The debate has been fairly consensual in that there is an acceptance that the Government is not in full control of the situation in terms of the UK Government’s autumn statement. However, when I looked at the papers last night and at what the Finance and Constitution Committee and Bruce Crawford were saying, I did think that we would be able to reach consensus today in respect of being able to provide as much information as possible. That is a point that I will come back to.
The OECD principles of budgetary governance state that
“the national parliament has a fundamental role in authorising budget decisions and in holding government to account”,
and that “government” should provide
“for an inclusive, participative and realistic debate on budgetary choices, by ... offering opportunities for the parliament and its committees to engage with the budget process at all key stages of the budget cycle”.
The concern that all parties have raised here today is that we will not be able to do that with this year’s budget. Clearly, we were not able to achieve those principles with last year’s budget, either.
The Scottish Parliament information centre’s budget briefing said that overall, at least, the Scottish process comes out relatively favourably when measured against most OECD criteria. Scotland is in line with best practice when it comes to the time that is allocated for budget scrutiny, to the committee structure that is in place for dealing with budgets, and to the involvement of the Finance and Constitution Committee in ordinary legislation. Scotland is also better placed than many legislatures because it has some capacity for obtaining expert advice and research on financial matters. In general terms, our Parliament would be up there among the best, but given what has happened over the past two years, we are not. Nobody here today has suggested that that is the fault of the Scottish Government. The situation is clearly to do with the autumn statement.
Bruce Crawford talked about a budget process review group, which will examine the situation in the light of what has happened over the past two years.
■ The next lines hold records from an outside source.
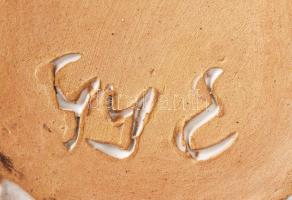 Győrbíró Enikő (1932-1999) keramikus által készített kerámia hölgy figura apró lepattanással / m:26c...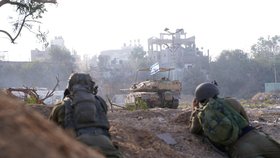 Izraelští vojáci při pozemní operaci v Gaze (9. 11. 2023)
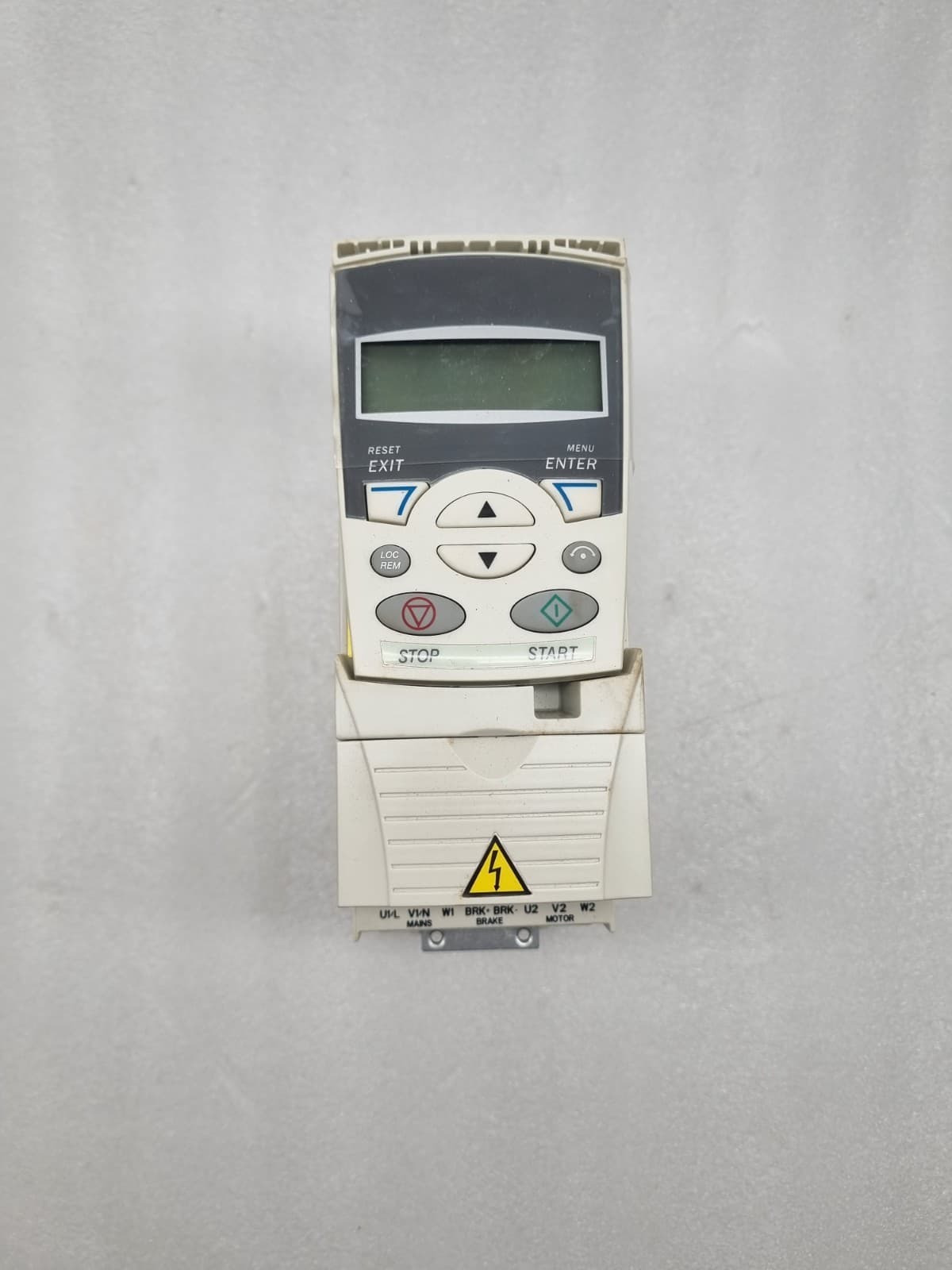 ABB ACS355-03E-01A9-4 FREQUENCY CONVERTER FREE FAST SHIP 5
The minister might want to say something more about that. As Kezia Dugdale said, we do not want to find ourselves in the same situation next year. I hope that the minister also picks up Kezia Dugdale’s point about a three-year budget cycle, which has been called for by most of local government and the third sector.
I am a bit lost, however, because Derek Mackay said to the then Finance Committee on 7 September:
“I am willing to produce as much scenario planning information as I can.”—[
Official Report, Finance Committee
, 7 September 2016; c 16.]
What has changed? He has then gone on to tell the committee that he will not publish any such scenario planning in advance of the draft budget. It is a legitimate question. Some people have suggested that his officials told him that it would be too difficult. That information is all that the committee is asking for.
Yesterday, I met a group of local government leaders from across Scotland. Right now, they are looking at their budgets and agonising over where cuts will have to be made. One of them said to me that they have been told by Derek Mackay that things are likely to get much worse in the coming years. Given that we are talking about real people who depend on public services, the situation is not satisfactory.